== Assignment ==
Repeat the records below exactly.

*** Block opens ***

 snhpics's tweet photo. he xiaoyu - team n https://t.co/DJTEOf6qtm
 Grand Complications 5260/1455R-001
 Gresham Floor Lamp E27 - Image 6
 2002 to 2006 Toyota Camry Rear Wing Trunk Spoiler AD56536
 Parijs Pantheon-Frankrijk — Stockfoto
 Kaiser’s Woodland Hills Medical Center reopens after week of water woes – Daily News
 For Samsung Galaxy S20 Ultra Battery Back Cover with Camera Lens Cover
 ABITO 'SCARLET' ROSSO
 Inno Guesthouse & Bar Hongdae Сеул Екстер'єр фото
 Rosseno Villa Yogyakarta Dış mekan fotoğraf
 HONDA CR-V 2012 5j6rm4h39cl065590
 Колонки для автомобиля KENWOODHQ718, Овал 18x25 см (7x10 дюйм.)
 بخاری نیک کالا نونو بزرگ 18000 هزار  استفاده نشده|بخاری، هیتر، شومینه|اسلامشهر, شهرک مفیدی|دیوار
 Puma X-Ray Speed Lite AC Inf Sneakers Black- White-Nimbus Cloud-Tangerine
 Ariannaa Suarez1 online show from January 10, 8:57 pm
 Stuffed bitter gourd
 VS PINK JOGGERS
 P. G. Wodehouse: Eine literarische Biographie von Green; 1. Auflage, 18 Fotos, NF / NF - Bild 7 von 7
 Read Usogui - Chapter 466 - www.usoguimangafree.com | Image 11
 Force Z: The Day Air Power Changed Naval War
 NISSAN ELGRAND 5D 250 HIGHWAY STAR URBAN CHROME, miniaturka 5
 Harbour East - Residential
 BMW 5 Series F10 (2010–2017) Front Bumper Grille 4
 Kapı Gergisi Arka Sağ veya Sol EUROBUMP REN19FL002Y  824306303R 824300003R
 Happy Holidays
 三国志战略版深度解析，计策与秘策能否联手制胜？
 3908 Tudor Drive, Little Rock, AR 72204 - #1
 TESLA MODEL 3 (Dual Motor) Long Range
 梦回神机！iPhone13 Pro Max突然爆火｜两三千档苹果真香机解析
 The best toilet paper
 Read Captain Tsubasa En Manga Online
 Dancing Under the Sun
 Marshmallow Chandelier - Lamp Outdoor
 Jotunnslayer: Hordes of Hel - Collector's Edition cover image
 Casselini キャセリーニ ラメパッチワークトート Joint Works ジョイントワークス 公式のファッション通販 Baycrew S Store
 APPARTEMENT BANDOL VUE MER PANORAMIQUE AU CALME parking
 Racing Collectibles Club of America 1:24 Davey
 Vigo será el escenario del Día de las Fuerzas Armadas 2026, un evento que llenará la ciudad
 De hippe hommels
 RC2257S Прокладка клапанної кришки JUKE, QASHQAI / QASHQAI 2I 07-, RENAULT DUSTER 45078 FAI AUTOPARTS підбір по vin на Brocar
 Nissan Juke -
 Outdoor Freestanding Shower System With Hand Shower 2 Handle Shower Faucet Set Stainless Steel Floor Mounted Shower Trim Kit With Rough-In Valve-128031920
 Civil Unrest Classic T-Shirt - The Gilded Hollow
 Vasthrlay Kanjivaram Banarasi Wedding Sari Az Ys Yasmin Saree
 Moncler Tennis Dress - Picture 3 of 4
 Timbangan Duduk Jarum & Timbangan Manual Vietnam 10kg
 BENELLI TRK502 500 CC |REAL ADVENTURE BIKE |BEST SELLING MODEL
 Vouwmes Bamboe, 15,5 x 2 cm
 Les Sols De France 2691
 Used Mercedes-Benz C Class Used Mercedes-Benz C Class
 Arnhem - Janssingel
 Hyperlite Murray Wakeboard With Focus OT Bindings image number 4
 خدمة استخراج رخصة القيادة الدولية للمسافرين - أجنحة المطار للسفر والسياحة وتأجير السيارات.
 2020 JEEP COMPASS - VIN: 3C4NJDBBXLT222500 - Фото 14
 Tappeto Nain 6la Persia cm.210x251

*** Block closes ***

== Worked solution ==
 snhpics's tweet photo. he xiaoyu - team n https://t.co/DJTEOf6qtm
 Grand Complications 5260/1455R-001
 Gresham Floor Lamp E27 - Image 6
 2002 to 2006 Toyota Camry Rear Wing Trunk Spoiler AD56536
 Parijs Pantheon-Frankrijk — Stockfoto
 Kaiser’s Woodland Hills Medical Center reopens after week of water woes – Daily News
 For Samsung Galaxy S20 Ultra Battery Back Cover with Camera Lens Cover
 ABITO 'SCARLET' ROSSO
 Inno Guesthouse & Bar Hongdae Сеул Екстер'єр фото
 Rosseno Villa Yogyakarta Dış mekan fotoğraf
 HONDA CR-V 2012 5j6rm4h39cl065590
 Колонки для автомобиля KENWOODHQ718, Овал 18x25 см (7x10 дюйм.)
 بخاری نیک کالا نونو بزرگ 18000 هزار  استفاده نشده|بخاری، هیتر، شومینه|اسلامشهر, شهرک مفیدی|دیوار
 Puma X-Ray Speed Lite AC Inf Sneakers Black- White-Nimbus Cloud-Tangerine
 Ariannaa Suarez1 online show from January 10, 8:57 pm
 Stuffed bitter gourd
 VS PINK JOGGERS
 P. G. Wodehouse: Eine literarische Biographie von Green; 1. Auflage, 18 Fotos, NF / NF - Bild 7 von 7
 Read Usogui - Chapter 466 - www.usoguimangafree.com | Image 11
 Force Z: The Day Air Power Changed Naval War
 NISSAN ELGRAND 5D 250 HIGHWAY STAR URBAN CHROME, miniaturka 5
 Harbour East - Residential
 BMW 5 Series F10 (2010–2017) Front Bumper Grille 4
 Kapı Gergisi Arka Sağ veya Sol EUROBUMP REN19FL002Y  824306303R 824300003R
 Happy Holidays
 三国志战略版深度解析，计策与秘策能否联手制胜？
 3908 Tudor Drive, Little Rock, AR 72204 - #1
 TESLA MODEL 3 (Dual Motor) Long Range
 梦回神机！iPhone13 Pro Max突然爆火｜两三千档苹果真香机解析
 The best toilet paper
 Read Captain Tsubasa En Manga Online
 Dancing Under the Sun
 Marshmallow Chandelier - Lamp Outdoor
 Jotunnslayer: Hordes of Hel - Collector's Edition cover image
 Casselini キャセリーニ ラメパッチワークトート Joint Works ジョイントワークス 公式のファッション通販 Baycrew S Store
 APPARTEMENT BANDOL VUE MER PANORAMIQUE AU CALME parking
 Racing Collectibles Club of America 1:24 Davey
 Vigo será el escenario del Día de las Fuerzas Armadas 2026, un evento que llenará la ciudad
 De hippe hommels
 RC2257S Прокладка клапанної кришки JUKE, QASHQAI / QASHQAI 2I 07-, RENAULT DUSTER 45078 FAI AUTOPARTS підбір по vin на Brocar
 Nissan Juke -
 Outdoor Freestanding Shower System With Hand Shower 2 Handle Shower Faucet Set Stainless Steel Floor Mounted Shower Trim Kit With Rough-In Valve-128031920
 Civil Unrest Classic T-Shirt - The Gilded Hollow
 Vasthrlay Kanjivaram Banarasi Wedding Sari Az Ys Yasmin Saree
 Moncler Tennis Dress - Picture 3 of 4
 Timbangan Duduk Jarum & Timbangan Manual Vietnam 10kg
 BENELLI TRK502 500 CC |REAL ADVENTURE BIKE |BEST SELLING MODEL
 Vouwmes Bamboe, 15,5 x 2 cm
 Les Sols De France 2691
 Used Mercedes-Benz C Class Used Mercedes-Benz C Class
 Arnhem - Janssingel
 Hyperlite Murray Wakeboard With Focus OT Bindings image number 4
 خدمة استخراج رخصة القيادة الدولية للمسافرين - أجنحة المطار للسفر والسياحة وتأجير السيارات.
 2020 JEEP COMPASS - VIN: 3C4NJDBBXLT222500 - Фото 14
 Tappeto Nain 6la Persia cm.210x251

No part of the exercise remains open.